» **Data provided**:
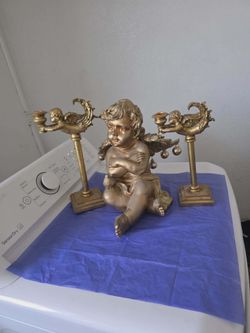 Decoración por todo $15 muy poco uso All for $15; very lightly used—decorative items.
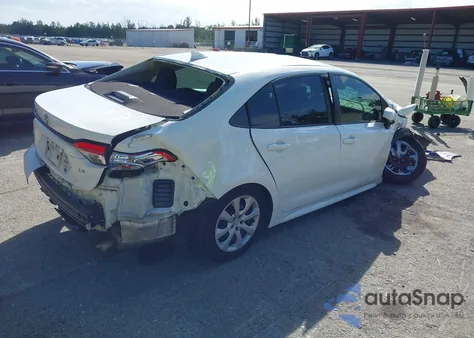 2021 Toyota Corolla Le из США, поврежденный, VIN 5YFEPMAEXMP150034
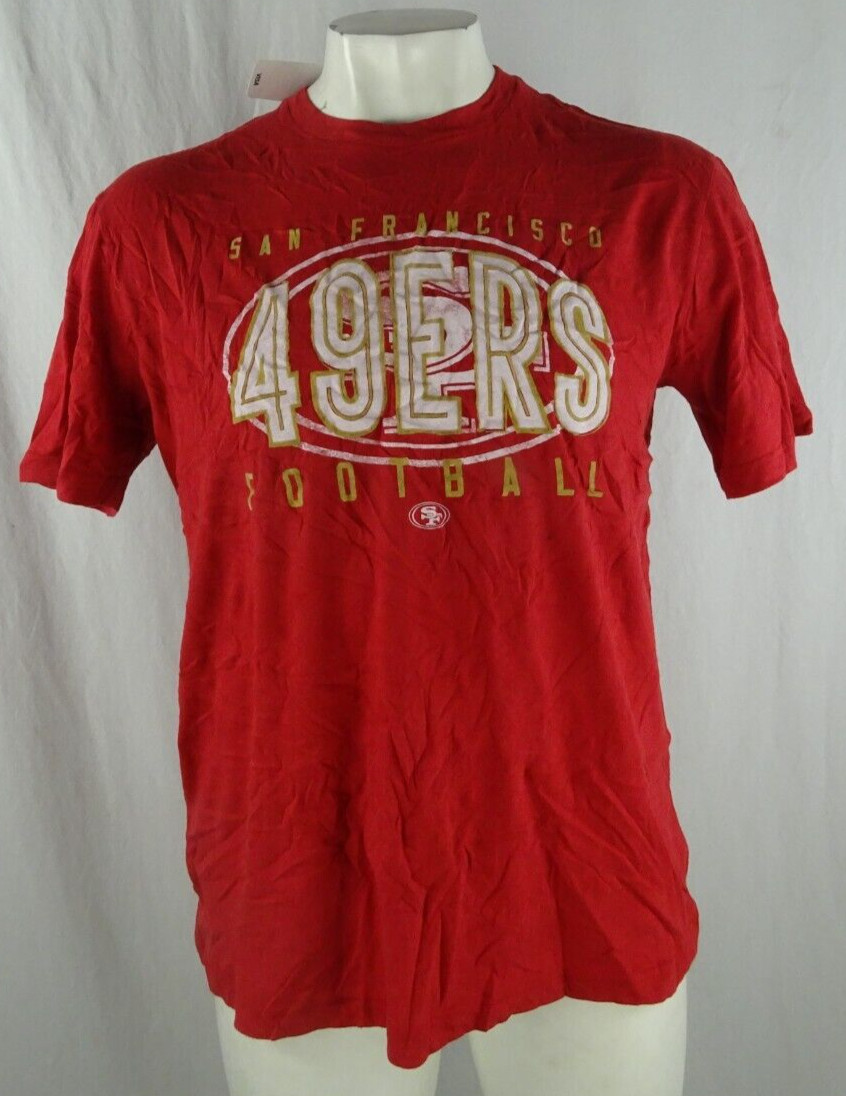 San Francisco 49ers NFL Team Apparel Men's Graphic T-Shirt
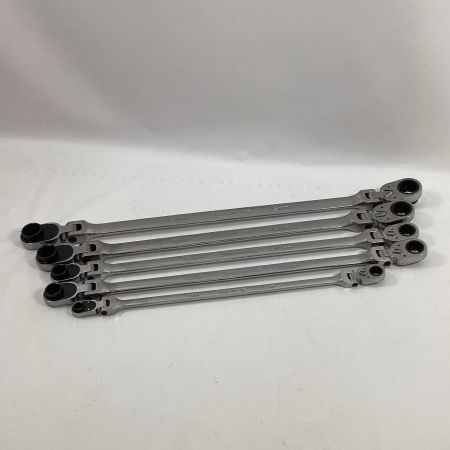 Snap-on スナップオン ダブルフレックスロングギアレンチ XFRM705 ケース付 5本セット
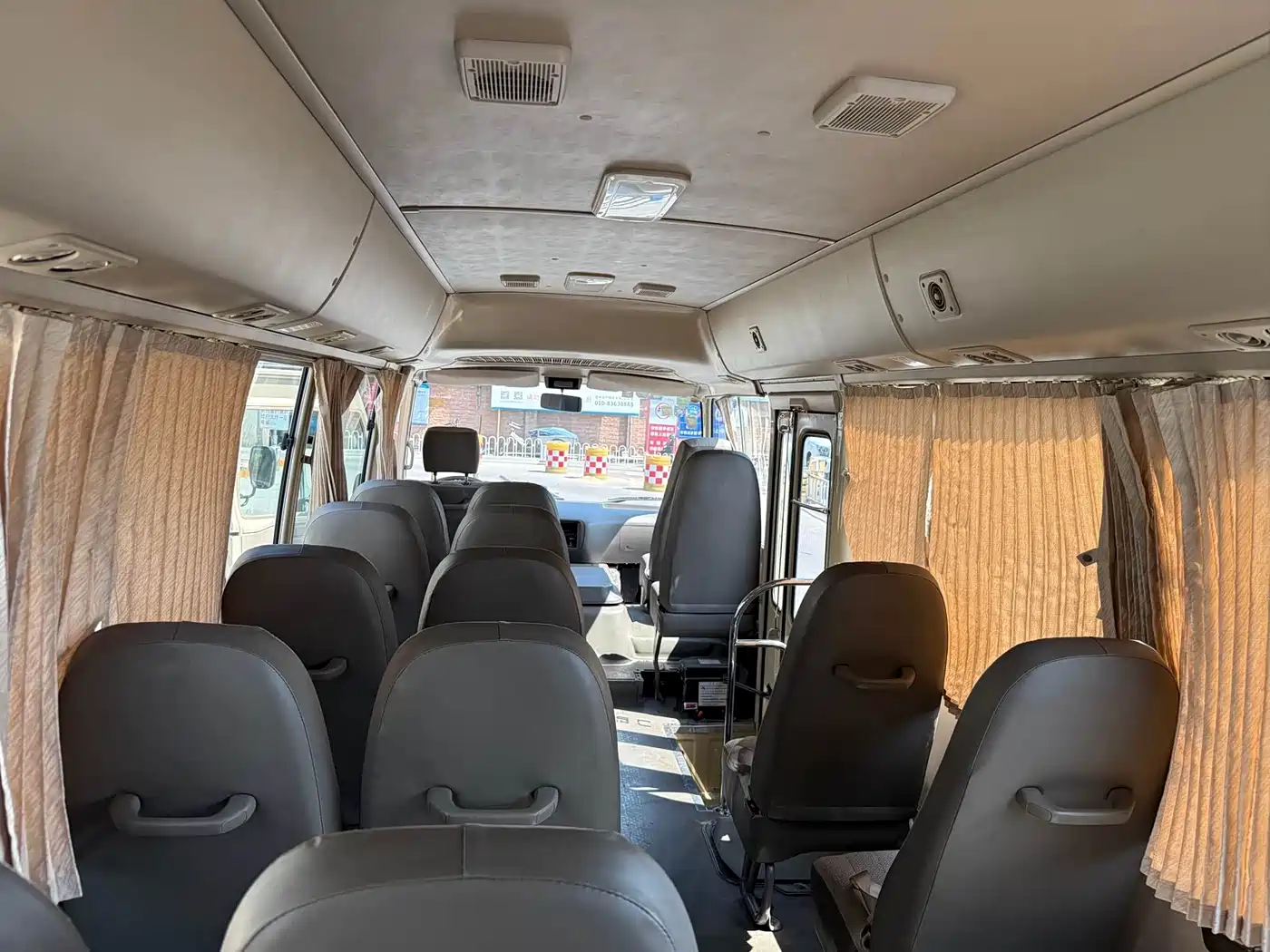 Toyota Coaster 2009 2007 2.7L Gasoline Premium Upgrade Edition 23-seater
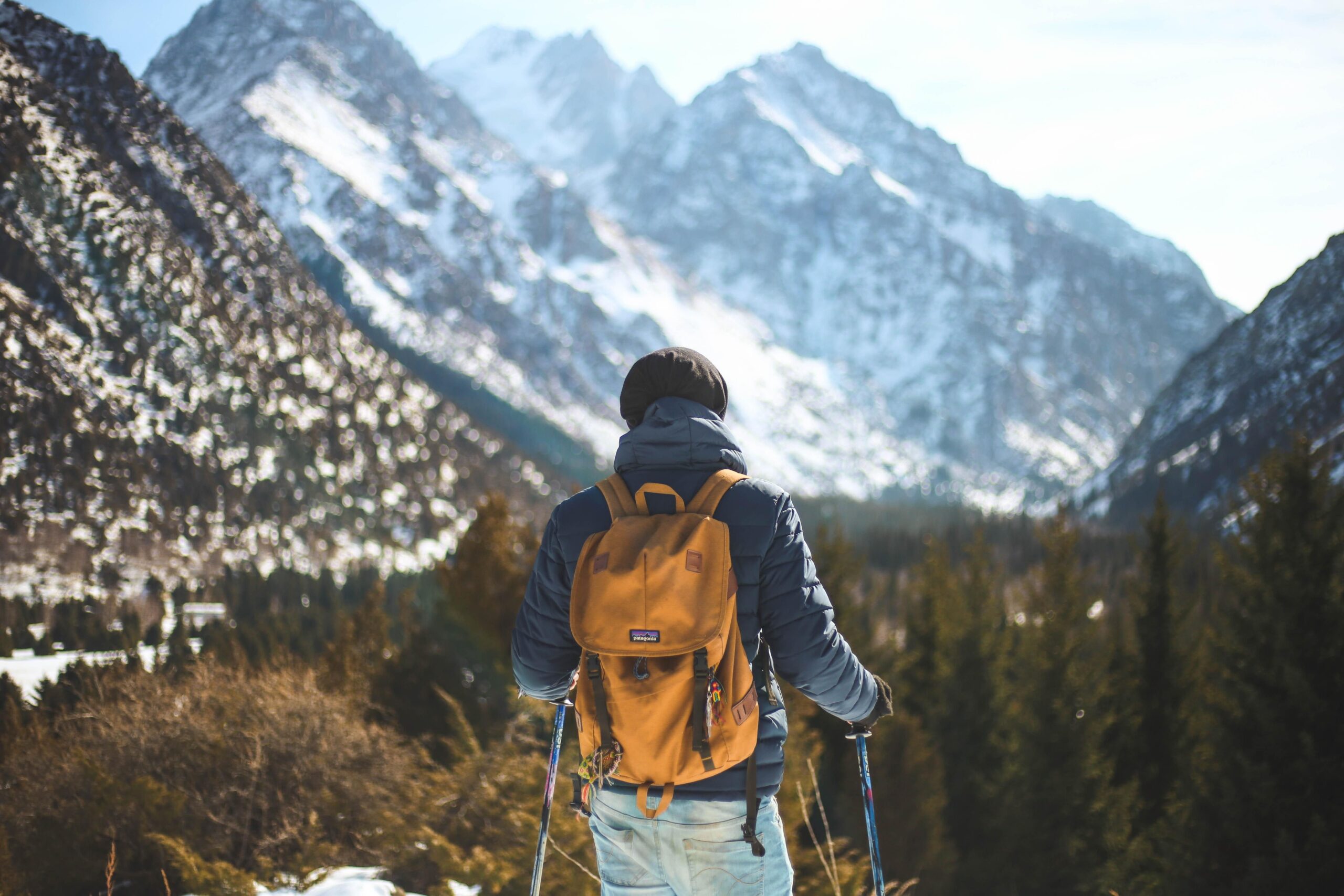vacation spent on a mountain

» **Task to complete**:
A verbatim copy of the entries, stripped of pictures, should be produced.

» **Solved problem**:
 Decoración por todo $15 muy poco uso All for $15; very lightly used—decorative items.
 2021 Toyota Corolla Le из США, поврежденный, VIN 5YFEPMAEXMP150034
 San Francisco 49ers NFL Team Apparel Men's Graphic T-Shirt
 Snap-on スナップオン ダブルフレックスロングギアレンチ XFRM705 ケース付 5本セット
 Toyota Coaster 2009 2007 2.7L Gasoline Premium Upgrade Edition 23-seater
vacation spent on a mountain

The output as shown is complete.